I’m mentally tracing back over her steps for the last several weeks, wondering where she would go first. Not her father’s house since she just discovered his secrets. Not her house since she might be a target for not just one, but two criminal organizations. Maybe her best friend’s house?

Then, I hear a small cough and look up to see Bella standing in the doorway. She found the jeans and T-shirt I bought for her and stashed in the drawers, and her long hair is pulled back in a messy bun on top of her head. Her eyes are clear, but they’re puffy from crying.

I hold out the to-go bag I’m carrying. “Chinese food. If you want it.”

She looks at the bag and bites her lower lip. “That’s my favorite takeout place.”

I know. She went there twice a week while I was keeping tabs on her. It’s a family-owned operation on the other side of town. The hotel was way beyond their delivery range, so I had to pay one of the men on the bottom rung of our operation to pick it up for me. And I might have threatened his nuts if he didn’t have it at the hotel within twenty minutes.

“Lo mein and egg rolls.” I drop the bag on the coffee table in front of the sofa and stand back.

She hesitates and then moves towards the table, stopping when she sees the cardboard box next to the bag. “What is that?”

“Death by chocolate.”

Bella looks over her shoulder at me. “You bought me a cake?”

“And a brownie,” I say, pointing to the plastic-wrapped fudgy square behind the box. It feels like too much. Like an obvious buy off that she’ll reject and continue hating me. But it was all I could think to do. I’d buy her favorite things, let her know I’m not a total monster, not completely, anyway.

I’m not even sure why I care what she thinks. Why it matters. But it does. Because if Bella thinks I’m irredeemable, then it must be true. If she doesn’t think I’m worth her time, then I’ll know I’m not. But I want to be.

She sits down and digs into the Chinese food, slowly at first, but picking up speed as her hunger takes the reins.

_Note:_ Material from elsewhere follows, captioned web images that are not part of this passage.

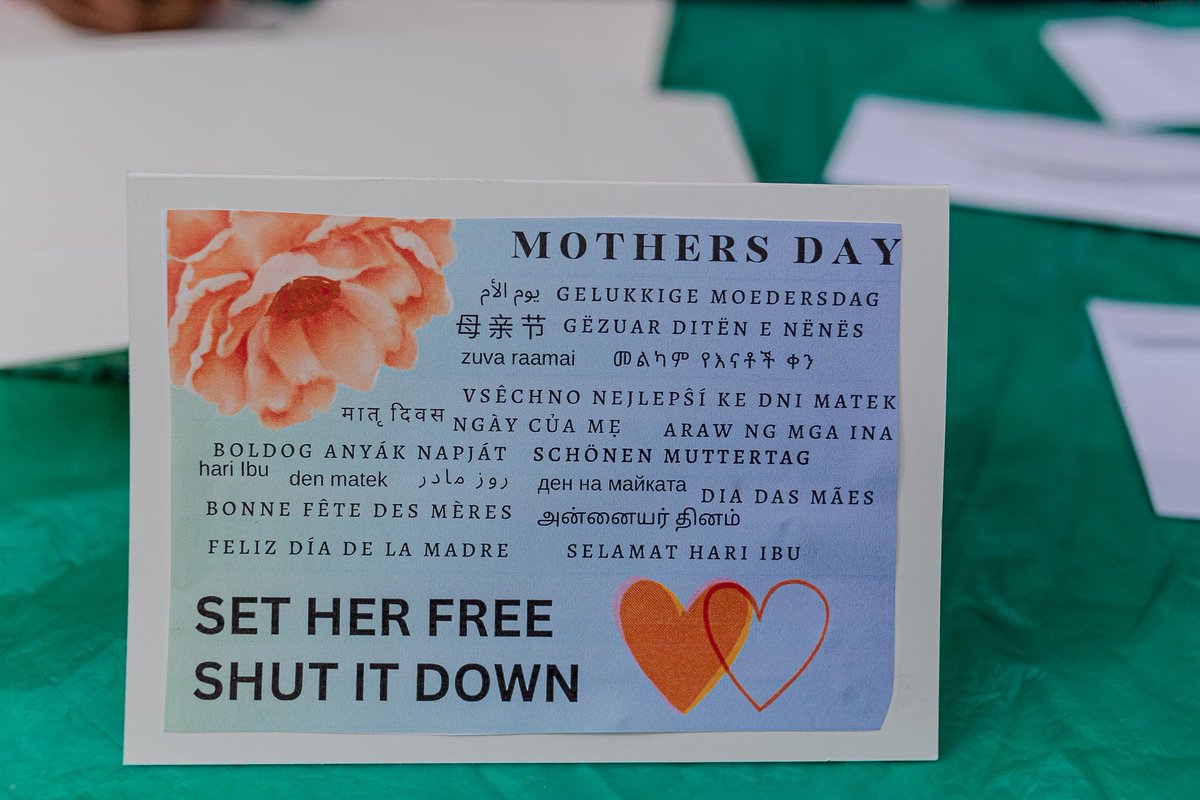 Everyday we stand in solidarity with all the women imprisoned in Derwentside IRC. Today especially, we stand in solidarity with all the mothers and grandmothers forcibly torn from their children, & children left without their mothers. 💐🧡 #SetHerFree #ShutItDown #MothersDay
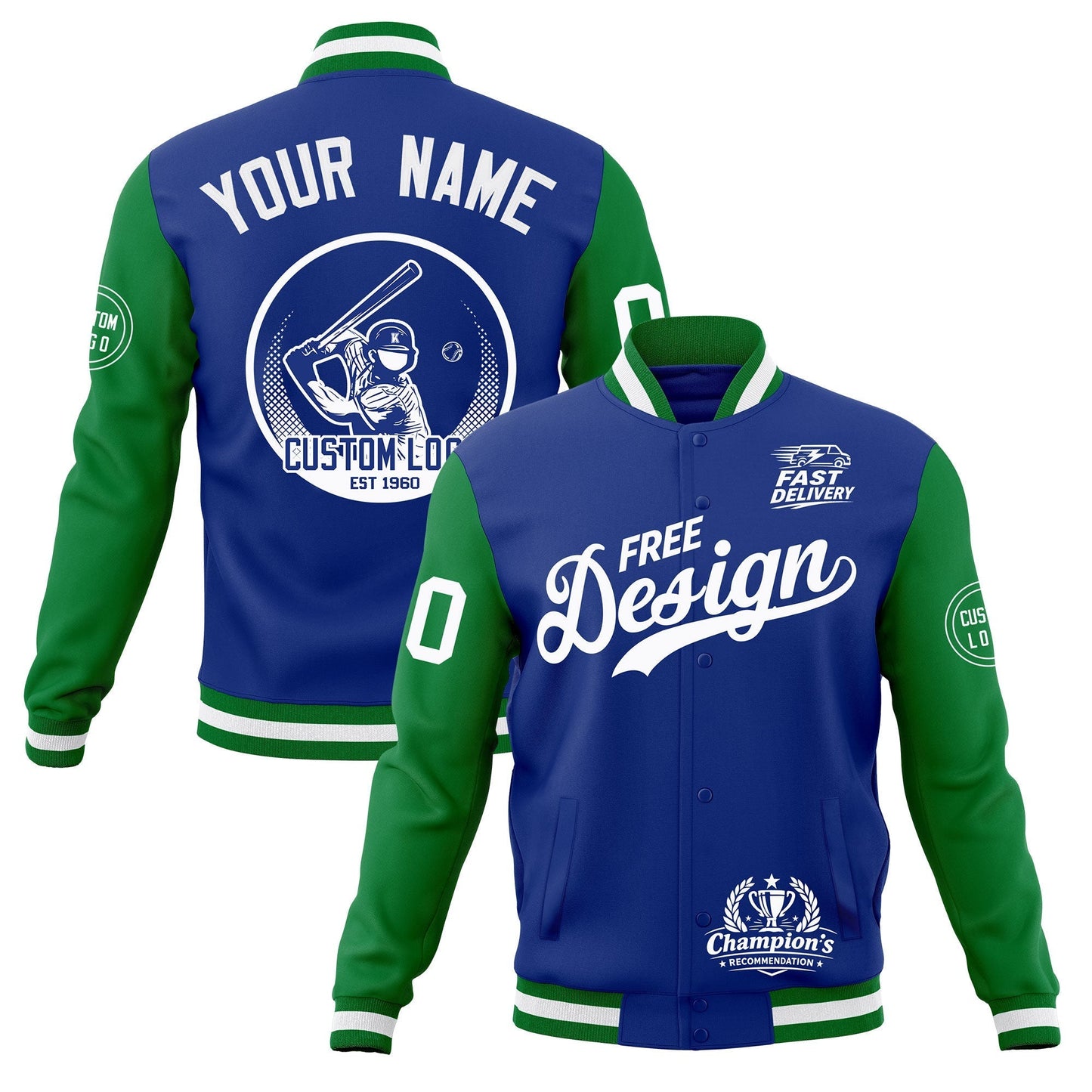 Custom Royal Blue Kelly Green White Jacket Classic Style Full-Snap Club & Spirit Wear Breathable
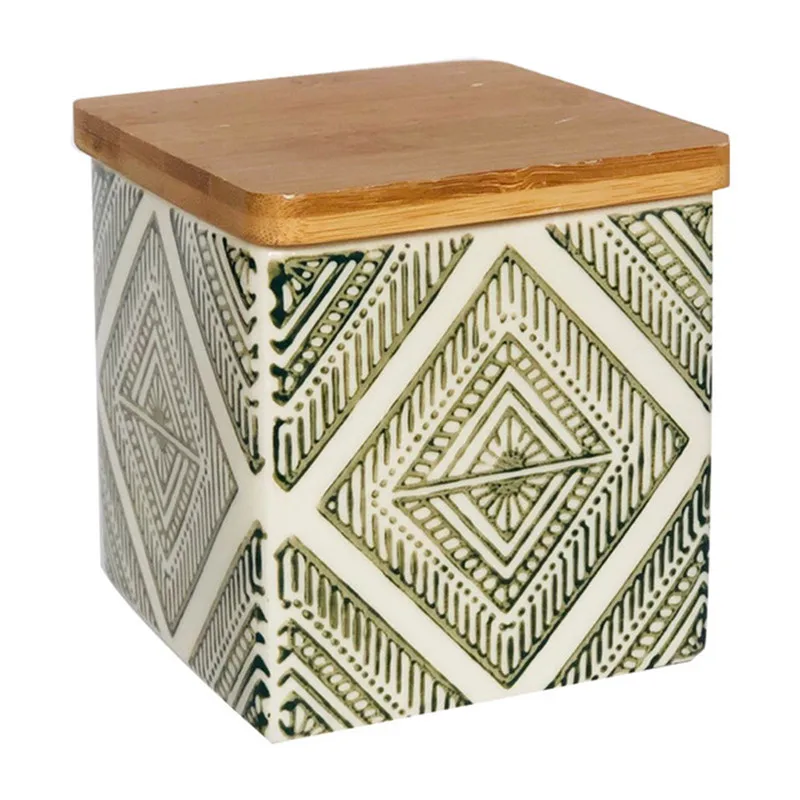 

Ceramic Sealed Storage Jar With Bamboo Lid Spices square Tank Container Kitchen Food Bottle Coffee Sugar Tea Caddy 1PC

I move towards her slowly, like I’m approaching a timid animal, and when I finally sit on the sofa next to her, she stiffens but keeps eating.

“Do you want any?” she asks.

“No, I’m fine.” As soon as the words are out of my mouth, my stomach growls. She looks at me with a raised eyebrow. “I don’t like Chinese food.”

All the progress I’ve made so far might be undone by that phrase. She looks at me like I just beat a puppy. “You what?”

“It’s not for me,” I shrug. “My dad used to take us to a Chinese buffet every Thursday because it was ‘all you can eat,’ and I lost the taste for it. You can only have reheated orange chicken so many times before it ruins it for you forever.”

“But have you had this Chinese food?” she asks, pointing to the open cardboard carton on the table.

“Do you mean this specific Chinese food or—”

“The restaurant,” she says, rolling her eyes. Yesterday I was annoyed with how often she rolled her eyes at me. Now, I realize how much I would miss it if she ever stopped.

I shake my head, and suddenly there are chopsticks in my hand and Bella is thrusting a carton of lo mein into my hands.

“But I don’t—”

“Eat.” She widens her eyes in a threatening manner, and I realize it’s a command. Before my freak-out an hour ago, I would have shoved the carton back at her and made some remark about not taking orders from my hostage, but now I have to eat crow. Which means I have to eat Chinese food.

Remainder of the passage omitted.